DATASET SECTION:

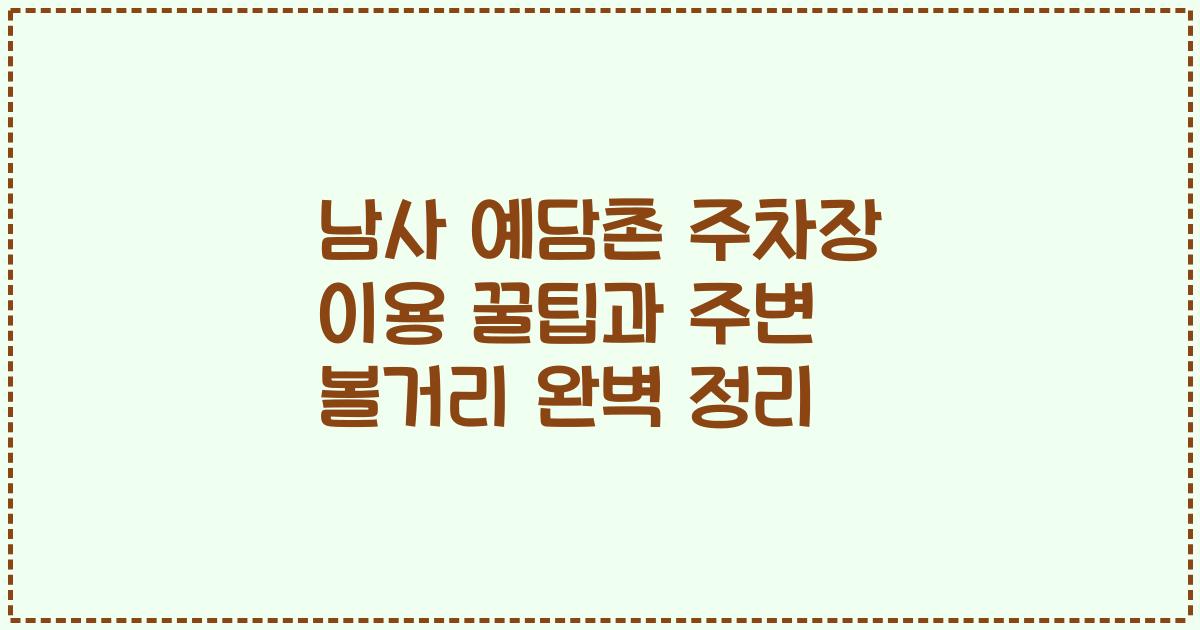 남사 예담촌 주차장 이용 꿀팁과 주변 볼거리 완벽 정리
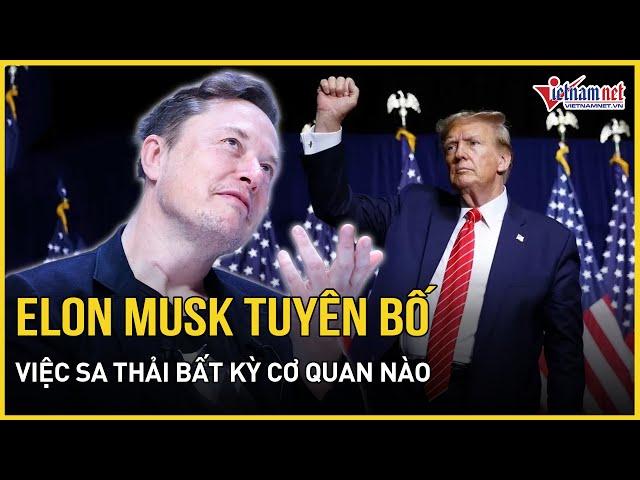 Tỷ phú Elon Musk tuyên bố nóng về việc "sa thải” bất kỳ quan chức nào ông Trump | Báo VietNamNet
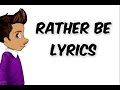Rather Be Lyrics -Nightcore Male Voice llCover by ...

YOUR GOAL: Nothing but the pictures should be left out when the listing above is transcribed.

SOLUTION TO THIS TASK:
 남사 예담촌 주차장 이용 꿀팁과 주변 볼거리 완벽 정리
 Tỷ phú Elon Musk tuyên bố nóng về việc "sa thải” bất kỳ quan chức nào ông Trump | Báo VietNamNet
Rather Be Lyrics -Nightcore Male Voice llCover by ...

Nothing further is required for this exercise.